Aujourd’hui avec les étudiants de l’Esec s’est posée la question du visionnage des différentes étapes de travail de montage.
A quoi ça sert de montrer un travail en cours ? Quand doit-on le faire ? Avec qui ? Et comment le faire pour que ce soit efficace et constructif ?
Le « visionnage » consiste à regarder la version du film en cours avec une ou plusieurs personnes avant la mise en forme définitive du film. Pour récolter des avis, des sensations, des impressions. On en fait en général plusieurs dans la dernière période de montage.

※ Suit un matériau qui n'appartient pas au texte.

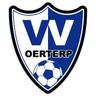 voetbalOerterp's profile picture. Voetbalvereniging Oerterp, opgericht: 20-06-1949, Griene Leane 8 Ureterp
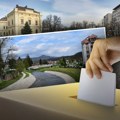 Ko juri glasove 8.: Juna? "Blic" predstavlja izborne liste u Zaječaru i Kosjeriću: Veterinar, advokat, infektorlog bore se za…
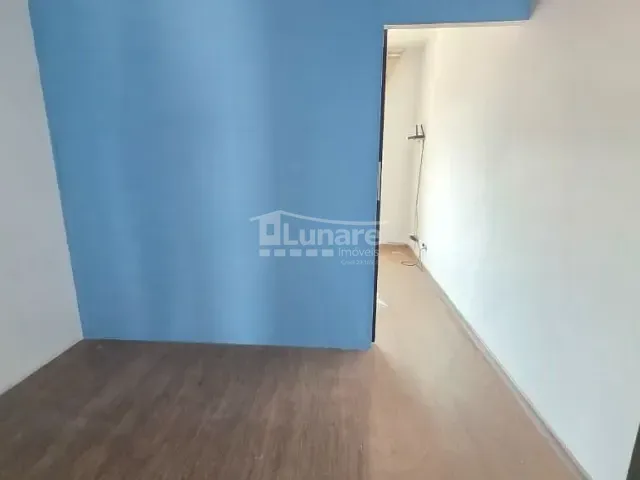 Sala para alugar, no bairro Centro em Mogi das Cruzes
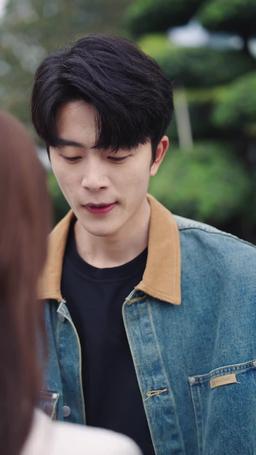 Bos Sendiri Jadi Istri? Gak Nyangka! episode 56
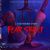 Fear Street: Part Two - 1978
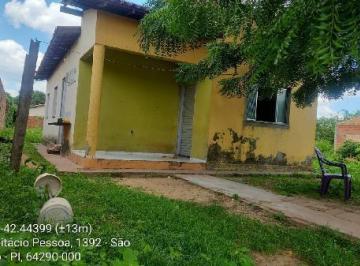 img0 · Oportunidade Única em ALTOS - PI | Tipo: Casa | Negociação: Venda Online  | Situação: Imóvel 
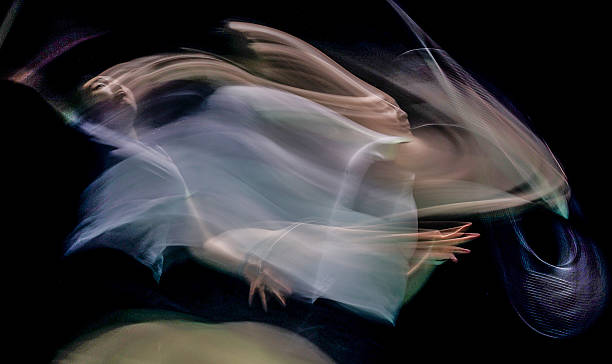 6人双打比赛对阵表：轮换规则与胜负判定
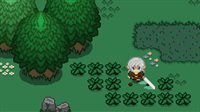 Shalnor Legends: Sacred Lands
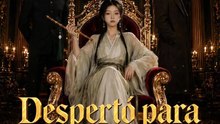 La peli empieza tras el anuncio Despertó Para Proteger Al Heredero Ns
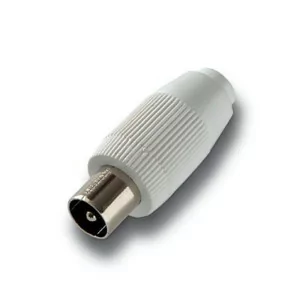 Conector de Antena IEC...
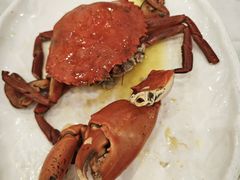 -渔民新村(番禺总店)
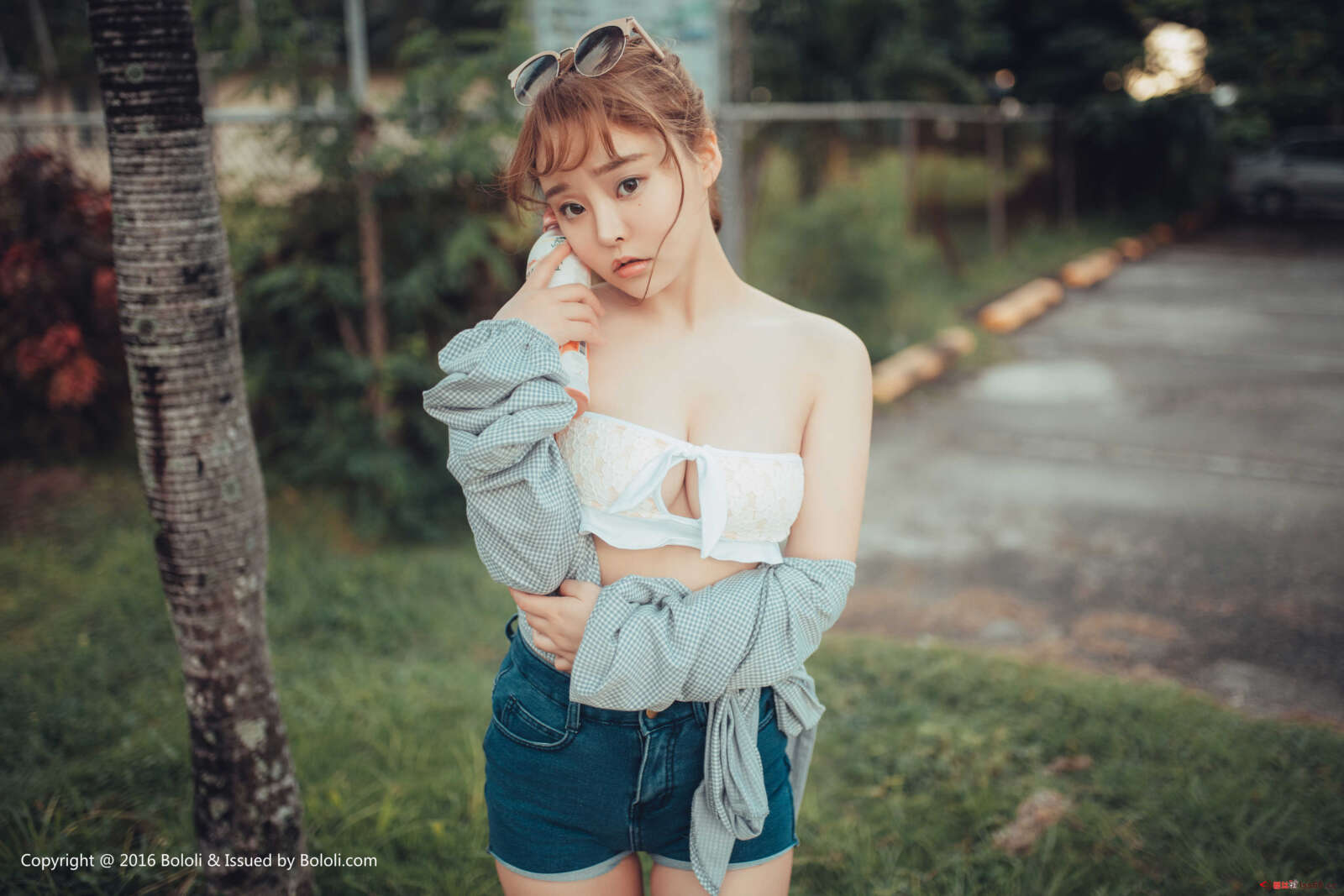 https://www.lss77.com/wp-content/uploads/2019/08/0002-16-1600x1067.jpg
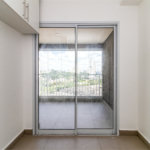 Apartamento à venda com 3 quartos, sendo 1 suíte,  em Vila Anastácio, São Paulo, SP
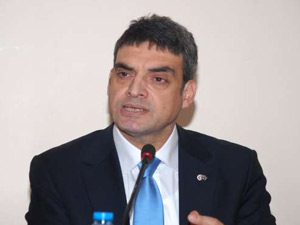 "AKP’yi her an yakalayabiliriz"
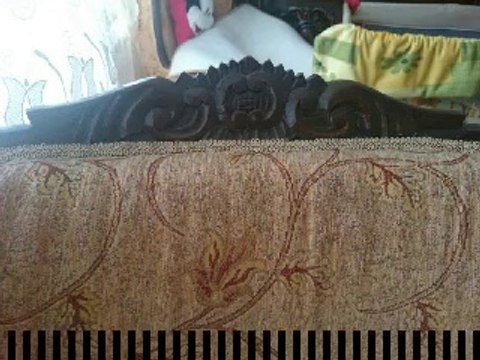 Maltepe Çınar 2.el eşya alanlar 0542 541 06 06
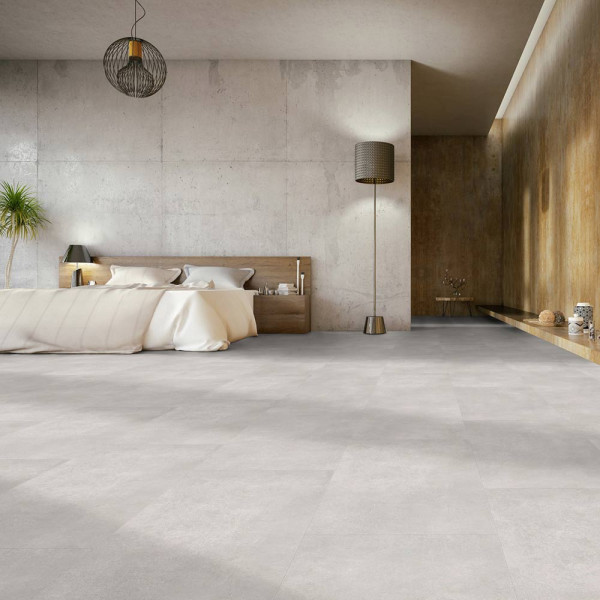 Gerflor Designboden Virtuo Clic 30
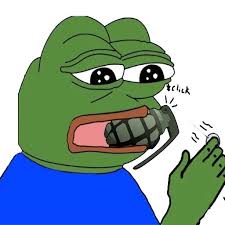 Maybe you would like to learn more about one of these? Lgbtiqcapgngfnba Hashtag On Twitter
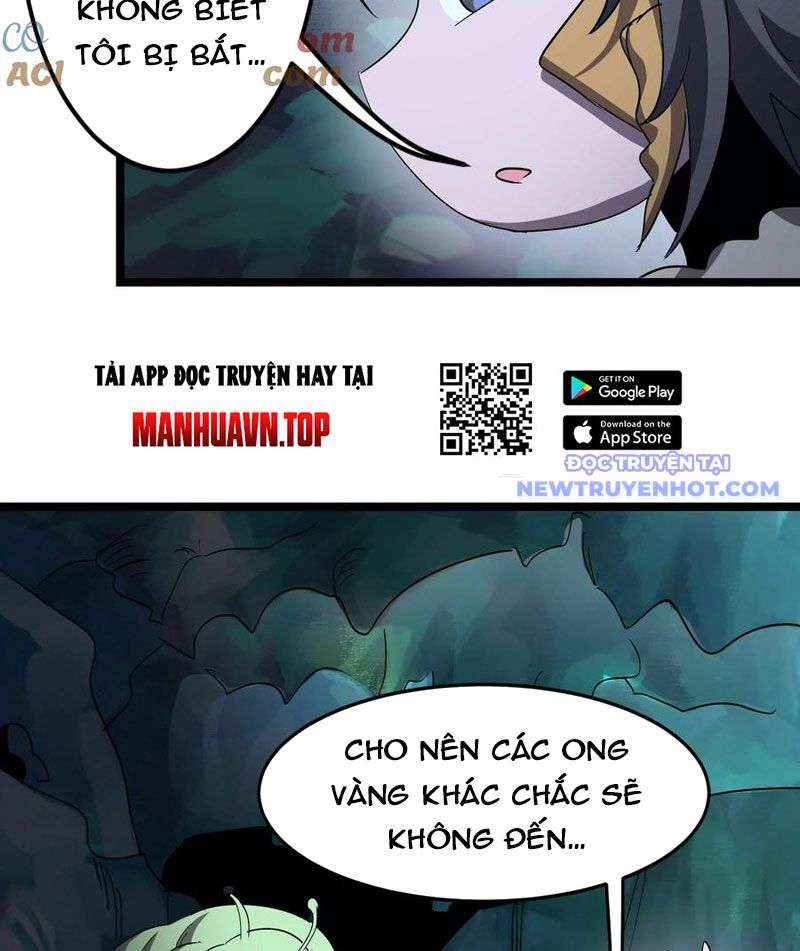 Vũ Trụ Trùng Vương Chapter 7 - Trang 26
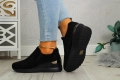 BUTY-DAMSKIE-SPORTOWE-SNEAKERSY-WSUWANE-CZARNE-Rozmiar-41.jpg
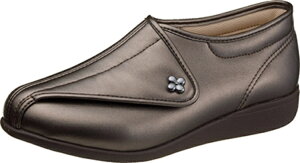 ASAHI ATqV[Y KHS L011 BZ-SM 22 KS21044SM BLK | 22cm RtH[gV[Y V[Y C Xj[J[ ` nr U EH[LO Sy y Xgb` tBbg I[V[Y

Ils nous permettent d’affiner le propos, d’affirmer nos choix ou au contraire de corriger des problèmes pas encore soulevés.
Mais attention. Il ne s’agit pas de demander son avis à n’importe qui, n’importe comment.
Un avis s’analyse. Il se décrypte. Au regard de la position de la personne qui s’exprime vis à vis du film ou du réalisateur. Vis à vis des mots qui sont employés : il faut décoller du langage pour entendre ce qu’il y a derrière.
Bien que tous les retours soit intéressants, il ne faut jamais oublier de quelle place la personne s’exprime. Est-elle elle-même investit dans le film ? Connait-elle l’intrigue générale ? Quelle sa connaissance du sujet ? Son lien avec l’équipe ? Avec le cinéma ?
Quand une personne dit : « je n’ai pas compris » il est plus intéressant d’essayer de connaître précisément d’où lui vient cette sensation, plutôt que de lui demander ou d’écouter une proposition alternative de montage. Quel est l’origine du problème ?
Les retours que l’on nous fait sont comme une matière à traiter. Il faut la triturer, la discuter, la malaxer et aller beaucoup plus loin que ce qui se dit à la surface.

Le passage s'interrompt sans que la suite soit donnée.